I made a DDPG reinforcement learning agent to control a simulink environment. Its similar to the water tank level example problem, the agent performs adjustments on the process speed and recieves rewards if an output parameter is inside a specified range, and recieves a big negative reward if this output parameter goes over a specified threshold.
I started with simple network architectures, around 15-20 neurons and one to three layers, then i went all the way up to 100 neurons in each layer and four to five layers in both the critic and actor networks. I also tried reducing the learning rate to 1e-4.
The process takes around 150-300 timesteps, and the reward is 1 point for each timestep that the output parameter is inside the specified range, so the maximum reward possible should be around 150-300, depending on the process speed.

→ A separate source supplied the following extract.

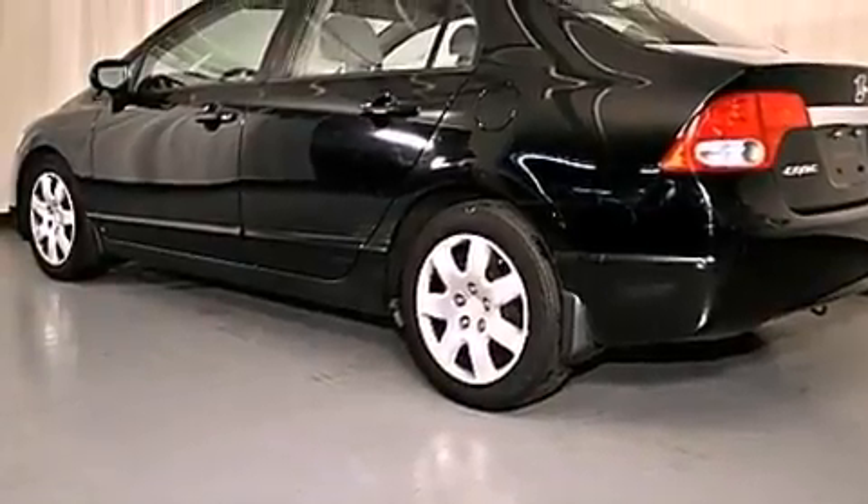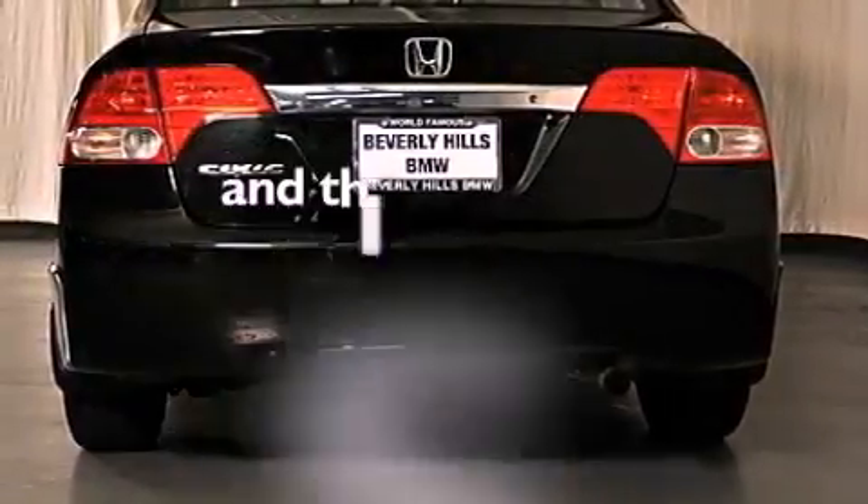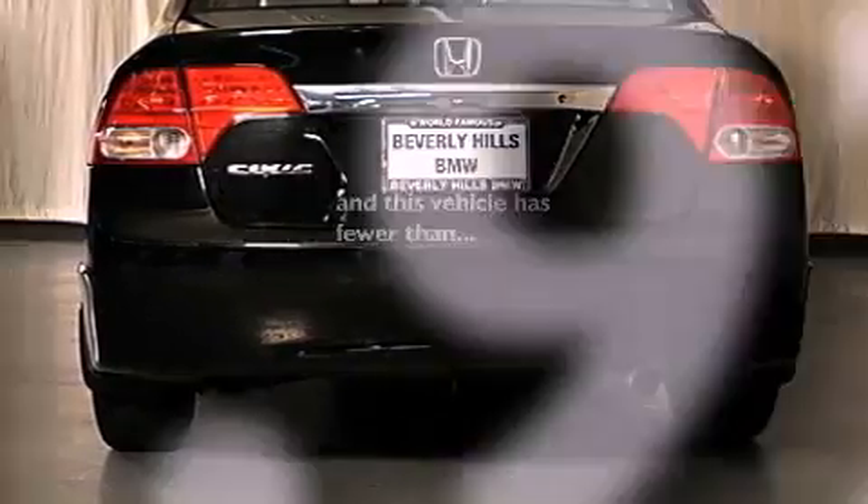Additional features include a security system, an anti-lock braking system, side impact airbags, and this vehicle has fewer than 42,000 miles on the odometer.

However, regardless of the chosen network arcitechture, the q0 just diverges to very high values every training session, around 10e8, then flattens out, while the episode reward bounces around between -1000 and 150 (see attached figure). This pattern persists even after 80 000+ episodes (three days of training). I have read that the q0 and the episode reward should converge if everything is set up correctly, so something is definitely wrong.
The optimal process speed should follow some sort of S-shape to collect the most rewards. However, every time i stop the training the agent just predicts a constant action value for every time step or no action at all, resulting in a linearly increasing or constant process speed which does poorly in terms of reward.
Any idea what I am doing wrong?
Thank you for your time!